Il est clair que ces événements revêtent à la fois des imbrications tactiques et stratégiques. A nous, cependant, de ne pas nous limiter à observer ces aspects en passant outre la tragédie humaine. Je voudrais que les lecteurs de la Ména sachent que j’éprouve une souffrance indescriptible à l’annonce de la perte de ces existences innocentes et que j’implore la destinée pour que la jeune fille de 15 ans et son frère, atteints en fin de semaine dernière par un Qassam à Sdéroth et traités aux soins intensifs à l’hôpital de Beersheva, recouvrent le plus prestement possible toutes leurs facultés.

C’est exactement la même peine qui me tenaille, lorsque je pense à mes frères innocents qui tombent souvent dans les camps de la bande de Gaza. S’il est une différence que nous ne faisons pas à la Ména, et c’est ce qui me permet de m’y sentir aussi à mon aise, c’est la différence du sang. Ceci dit, il m’incombe, comme à toute personne sensée, me semble-t-il, de distinguer entre les causes et les effets et de ne pas présenter les choses comme s’il s’agissait soit de décrire un brouillard indescriptible, soit d’attribuer les pertes de vies humaines à la fatalité.

Il y a, d’un côté, en Israël et en Palestine, les forces agissant pour préserver les chances de parvenir à une solution négociée préconisant deux Etats distincts pour deux peuples différents, et ces forces tentent, dans un premier temps, de mettre un terme à l’effusion de sang ; et il y a le camp de la terreur. Quiconque ne fait pas cette distinction, s’inscrit en allié des terroristes et porte une part de responsabilité dans le flot du sang innocent qui continue de couler.

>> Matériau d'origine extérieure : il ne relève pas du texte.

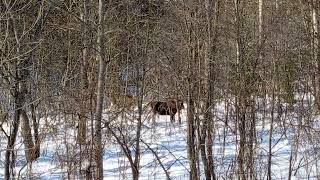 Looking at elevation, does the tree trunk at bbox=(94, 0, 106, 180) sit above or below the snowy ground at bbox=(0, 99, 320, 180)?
above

Lorsque le département des affaires étrangères du Hamas, à Damas, annonce qu’il « exclut l’éventualité que son organisation accepte un cessez-le-feu avec Israël », prenant le soin d’ajouter que ’’la question n’est pas à débattre, la résistance n’est pas le monopole du Hamas c’est le choix stratégique du peuple palestinien’’ et de préciser que « le Hamas n’accepte même pas le principe de la paix avec Israël sur les bases du partage de 1948 », il me semble qu’il a tout dit. Ce communiqué recèle trois messages à l’intention du nouveau président élu de l’Autorité Palestinienne :

1. Nous n’avons rien à faire du choix démocratique exprimé par le peuple palestinien. Ce n’est pas vous qui fixez ses choix stratégiques, c’est nous !

2. Nous rejetons et nous combattrons votre projet de conclure la paix avec les Juifs, et ce, quelles que soient les frontières de leur Etat.

3. Inutile de venir discuter avec nous mercredi à Gaza, comme vous en avez exprimé l’intention, « la question d’un cessez-le-feu n’est pas à débattre ».

En parallèle à ces refus, à leur signification dominante pour le projet politique de Mahmoud Abbas, le Hamas et ses alliés terroristes accompagnent leur verbe d’un triple choix tactique sur le terrain. Il s’agit pour eux de poursuivre les tirs sur les agglomérations situées en Israël, sur les implantations israéliennes de la bande de Gaza, qui doivent être évacuées durant l’été, ainsi que sur les points de passage, par lesquels transite la totalité des vivres, des médicaments et des autres marchandises. Les Israéliens, faut-il le rappeler, peuvent vivre très confortablement sans Karni et sans Erez, mais pas les Palestiniens.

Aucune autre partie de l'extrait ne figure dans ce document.